HTML5 And You

Published 14 years, 10 months past

I mentioned in my previous post that I “had come away with my head reeling from the massive length and depth of the often-changing specification”, which is entirely true.  Printouts of the current draft of the HTML5 spec can reach, depending on your operating system and installed fonts, somewhere north of 900 pages.  Yes: nine hundred.  There are unabridged Stephen King novels that run shorter.

You might well say to yourself: “Self, is it just me, or are the people doing this completely off their everlovin’ rockers?  Because the specification for something as fundamentally simple as HTML should reach maybe 200 pages, max.”  You might even despair that the entire enterprise is doomed to failure precisely because nobody sane will ever sit down to read that entire doorstop.

But there’s no real reason to panic, because here’s the thing about the HTML5 specification that might not be obvious right away:  it’s not for you.  It’s for implementors.  And that’s a good thing.

If you do start reading the HTML5 draft, you’ll start running into really lengthy, excruciatingly detailed algorithms for, say, parsing a time component.  Or moving through the browser’s history.  Or submitting a form.  There’s an entire (long) chapter on how to process the HTML syntax.

Those are all good things, actually.  They greatly increase the chances of interoperability actually happening within our lifetimes.  There’s no guessing about, well, much of anything.  It’s all been exactingly defined, to the extent that one can exactingly define anything using a human language.  A browser team doesn’t have to wonder, or even guess, what to do when the document has been completely parsed.  It’s all spelled out.  And the people on those browser teams will, in the end, be the people who read that entire doorstop.  (Their sanity is another matter, and not discussed here.)

How is all that stuff relevant to you, the author?  In the sense that when browser teams follow the spec, their products will be interoperable, which is to say consistent.  (Just imagine that for a moment.)
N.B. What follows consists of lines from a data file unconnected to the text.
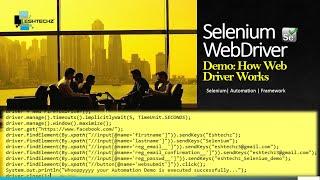 Demo: How Web Driver works || Selenium Automation Basics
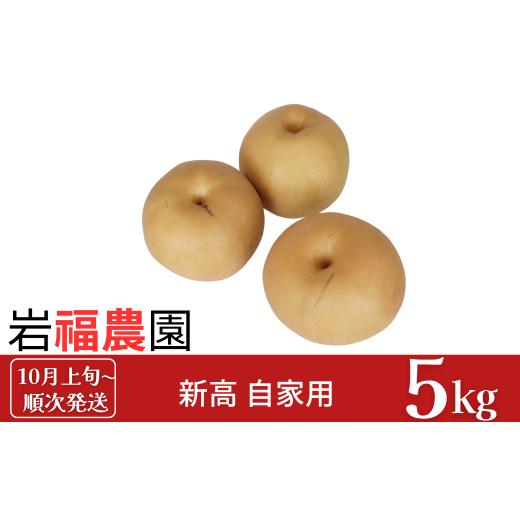 ふるさと納税 梨 新潟県 三条市 和梨 新高梨 自家用 5kg 新潟県産 訳アリ 梨 岩福農園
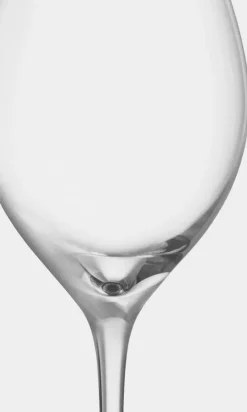 More Champagne Boule champagneglazen 31 cl 4-pack, Helder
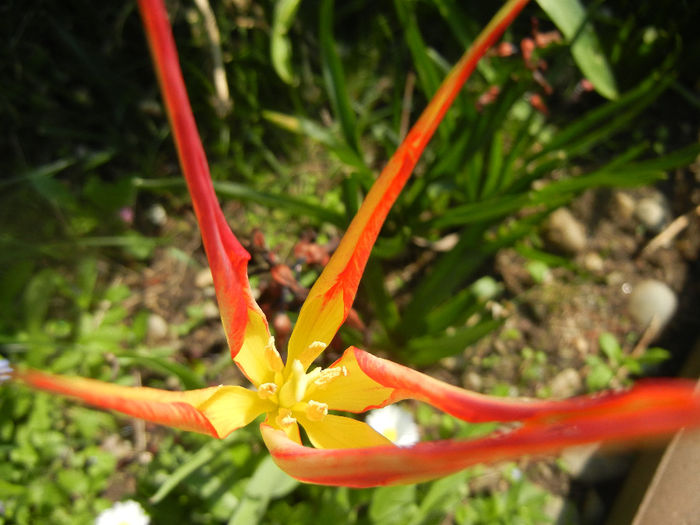 Tulipa Acuminata (2014, April 14) - Tulipa Acuminata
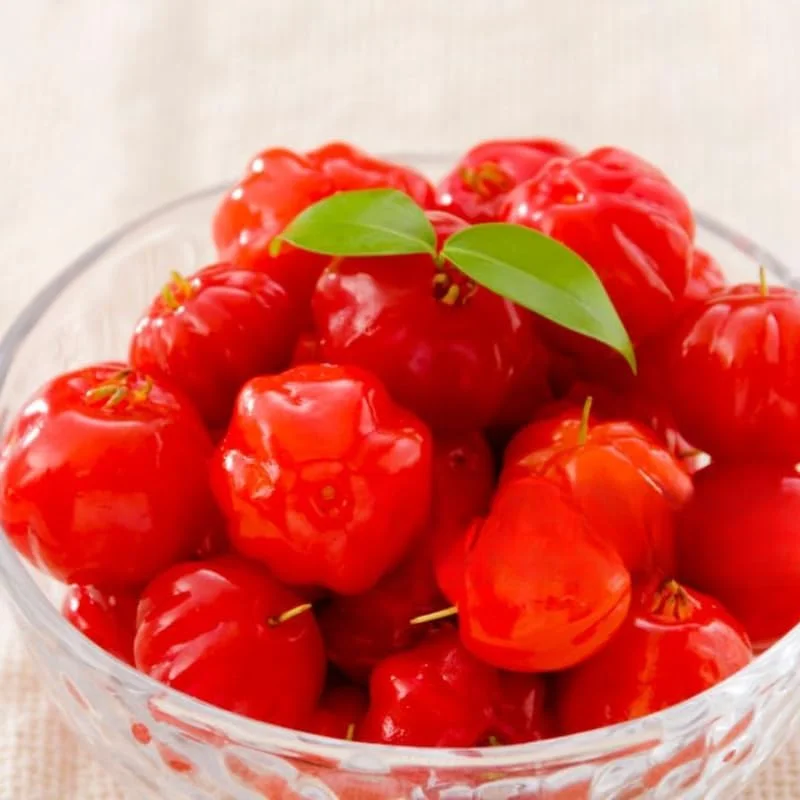 Surinam Cherry Tree Live Plant 4-8" Tall - Sweet Edible Fruit - Image 2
Beyond that, though, the detailed implementation stuff isn’t relevant to you.  You are not expected to know all those algorithms in order to write HTML documents.  Pretty much all you need to know is the markup.  That’s the part that should be no more than 200 pages, yeah?

Turns out it is, and by a comfortable margin.  Michael(tm) Smith’s HTML5: The Markup Language is a version of the HTML5 draft with all of those eye-wateringly pedantic implementor sections stripped out, and when I generated a PDF it came in at 147 pages.  That’s what you really need in order to get up to speed on what’s in HTML5.  It’s for you.

Comments (18)

  1. Well said, Eric. I’ve read various parts of the spec, from the parsing section to the element definition sections, to the form parsing section, and I’m savvy enough to understand it fairly well (I was trying to implement a parser at the time, because PHP’s HTML parser sucks), and indeed very little of the spec is of particular interest to authors.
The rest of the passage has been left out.